Prior Credit Facility

Prior to the revolving credit facility, we were party to a prior credit facility agreement with Bank of America, N.A., as administrative agent, and a syndicate of financial institutions, as lenders and other agents (as amended from time-to-time). The prior credit facility provided for a senior unsecured $2.0 billion term loan facility and a senior unsecured $3.0 billion revolving credit facility. In August 2022, all borrowings outstanding and other amounts due under the prior credit facility were repaid and the prior credit facility was terminated.

Bridge Facility

On August 1, 2022, in connection with our entry into the EVO merger agreement, we obtained commitments for a $4.3 billion, 364-day senior unsecured bridge facility. Upon the execution of permanent financing, including the issuance of our senior unsecured notes and entry into the revolving credit facility described above, the aggregate commitments under the bridge facility were reduced to zero and terminated. For the year ended December 31, 2022, we recognized expense of $17.3 million related to commitment fees associated with the bridge facility, which was presented within interest and other expense in our consolidated statement of income.

Fair Value of Long-Term Debt

As of December 31, 2023, our senior notes had a total carrying amount of $11.6 billion and an estimated fair value of $11.1 billion. The estimated fair value of our senior notes was based on quoted market prices in an active market and is considered to be a Level 1 measurement of the valuation hierarchy.

As of December 31, 2023, our convertible notes had a total carrying amount of $1.5 billion and an estimated fair value of $1.7 billion.

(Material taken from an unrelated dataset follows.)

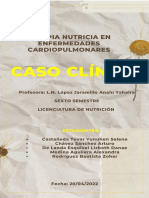 Prácticas Nut en Cardiopulmonar MIERCOLES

The estimated fair value of our convertible notes was based on a lattice pricing model and is considered to be a Level 3 measurement of the valuation hierarchy.

The fair value of other long-term debt approximated its carrying amount at December 31, 2023.

Compliance with Covenants

The convertible notes include customary covenants and events of default for convertible notes of this type. The revolving credit agreement contains customary affirmative covenants and restrictive covenants, including, among others, financial covenants based on net leverage and interest coverage ratios, and customary events of default. The required leverage ratio was increased to 4.50 to 1.00 as a result of the acquisition of EVO, and will gradually step-down over eight quarters to the original required ratio of 3.75 to 1.00. As of December 31, 2023, the required leverage ratio is 4.50 to 1.00, and the required interest coverage ratio is 3.00 to 1.00. We were in compliance with all applicable covenants as of December 31, 2023.

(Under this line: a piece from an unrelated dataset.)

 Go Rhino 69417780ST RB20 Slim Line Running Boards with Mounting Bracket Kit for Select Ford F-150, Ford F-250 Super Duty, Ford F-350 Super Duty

Settlement Lines of Credit

In various markets where our Merchant Solutions segment does business, we have specialized lines of credit, which are restricted for use in funding settlement. The settlement lines of credit generally have variable interest rates, are subject to annual review and are denominated in local currency but may, in some cases, facilitate borrowings in multiple currencies. For certain of our lines of credit, the available credit is increased by the amount of cash we have on deposit in specific accounts with the lender. Accordingly, the amount of the outstanding line of credit may exceed the stated credit limit. As of December 31, 2023, a total of $88.5 million of cash on deposit was used to determine the available credit.
As of December 31, 2023, we had $981.2 million outstanding under these lines of credit with additional capacity to fund settlement of $1,852.5 million. During the year ended December 31, 2023, the maximum and average outstanding balances under these lines of credit were $1,506.5 million and $515.7 million, respectively. The weighted-average interest rate on these borrowings was 5.95% at December 31, 2023.

Interest Expense

Interest expense was $629.8 million, $437.0 million and $328.0 million for the years ended December 31, 2023, 2022 and 2021, respectively.